Bottom line up front: I want to scrape the jobs from this website: https://www.gdit.com/careers/search/?q=bossier%20city, but I keep getting the javascript base page. If you inspect the page, you can see the jobs are listed in h3 tags but no matter what I do, the jobs don't pull up.
- I tried the following beautiful soup code:
url = "https://www.gdit.com/careers/search/?q=bossier%20city"
html_text = requests.get(url).text
soup = BeautifulSoup(html_text, "html.parser")
print(soup) # for testing purposes
for job in soup.find_all('h3'):
print(job)
- I tried ScraperAPI which I thought was supposed to load javascript for you:
url = "https://www.gdit.com/careers/search/?q=bossier%20city"
params = {'api_key': "MY-API-KEY", 'url': url}
response = requests.get('http://api.scraperapi.com/', params=params)
print(response.text) # No H3 tags of any kind
- I tried html-requests:
session = HTMLSession()
r = session.get("https://www.gdit.com/careers/search/?q=bossier%20city")
data = r.html.render()
print(data)
- I tried Selenium first and then parsing it to beautifulsoup:
global driver
options = webdriver.ChromeOptions()
options.add_argument("start-maximized")
options.add_experimental_option("excludeSwitches", ["enable-automation"])
options.add_experimental_option("detach", True)

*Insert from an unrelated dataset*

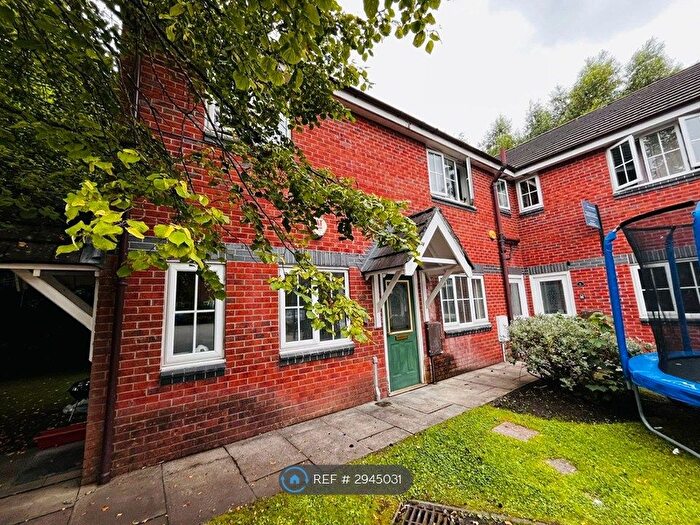 2 Bedroom Maisonette To Rent In Bankwood Court, Manchester, M9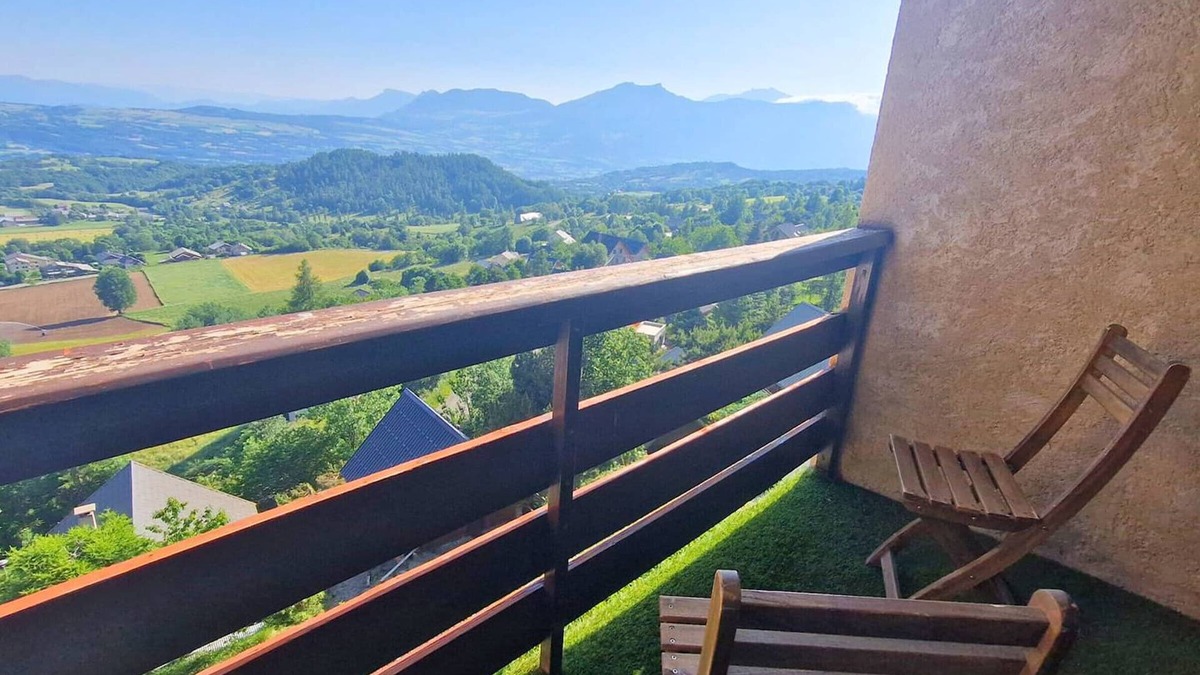 Saint-Michel-de-Chaillol Apartment | Duplex for 6, pets allowed, south balcony, Chaillol 1600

options.add_experimental_option('useAutomationExtension', False)
try:
driver = webdriver.Chrome(chrome_options=options, executable_path=r'C:\Users\Notebook\Documents\chromedriver.exe')
driver.get(url)
page_source = driver.page_source
soup = BeautifulSoup(page_source, "html.parser")
time.sleep(2)
print(soup)
except exceptions.WebDriverException:
print("You need to download a new version of the Chromedriver.")
Nothing works. Do I have to mimic a user entering Bossier City first and then retrieve the return? Anyways, any help would be appreciated.